NOAA has started using a new and sophisticated weather forecast model to improve predictions of quickly developing severe weather events, including thunderstorms, winter storms, and aviation hazards such as clear air turbulence. The improved model will also help with energy-related forecasting.
The Rapid Refresh now provides NOAA’s most rapidly updated weather forecast, replacing an older model that served a similar function. The Rapid Refresh, developed by NOAA’s Earth System Research Laboratory in Boulder, Colo., and NOAA’s National Centers for Environmental Prediction (NCEP) in Camp Springs, Md., updates every hour with a new forecast extending 18 hours for North America. Such forecasts are especially important in aviation, where fast-developing weather conditions can affect safety and efficiency.
The Rapid Refresh model extends the geographical coverage of NOAA’s weather situational awareness information to all of North America, not just the contiguous United States, as was the case for the older model.
The United States is the only country that updates computer model forecasts every hour using the latest observations from an extensive network of ground and satellite-based sensors, radars, and aircraft, said Stan Benjamin, lead developer of the new model and a research meteorologist at the Earth System Research Laboratory.
The new model was tested extensively, running experimentally for 22 months at NOAA’s NCEP, and will replace the older rapidly updated model, Rapid Update Cycle (RUC), which was run at similar frequency and resolution for an 18-hour forecast. In comparisons with the older model, the new Rapid Refresh (RAP) has proved more skillful.

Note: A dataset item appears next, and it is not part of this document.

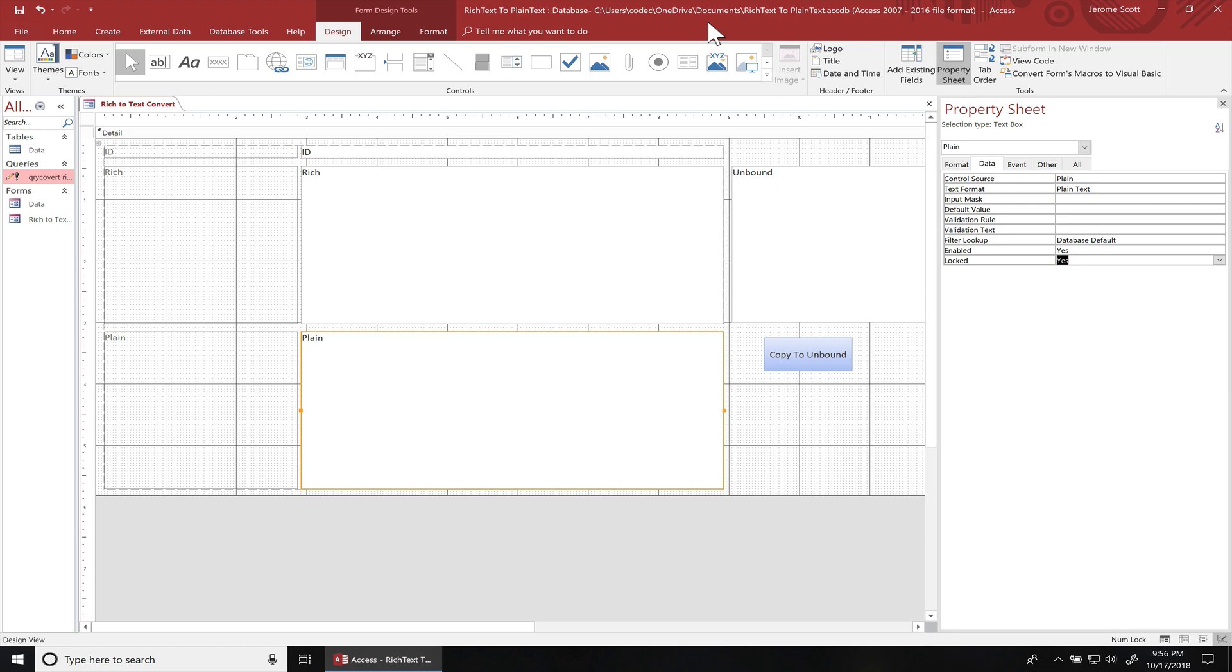Hey, what's going on everyone? Today I'll be teaching you how to convert rich text into plain text.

For example, the new model performed significantly better than its predecessor in forecasting heavy rain that pounded the Midwest in June last year. The new forecasts more correctly projected the geographical areas that received 2 inches or more of precipitation.
RAP’s skillful forecasts derive from three key improvements over the earlier model:
RAP is based on a more advanced numerical weather prediction model, the Weather Research and Forecasting (WRF) model. WRF was created through a collaboration of NOAA, the National Center for Atmospheric Research, the Air Force Weather Agency, and dozens of other research institutions.
RAP uses an innovative technique for “assimilating” current observations to start the forecast model. The newer assimilation technique, developed through a NOAA-NASA research partnership led by NOAA’s NCEP, improves short-range forecasts.
RAP extends the geographical coverage of NOAA’s weather situational awareness information to all of North America, not just the contiguous U.S. as was the case for the older model.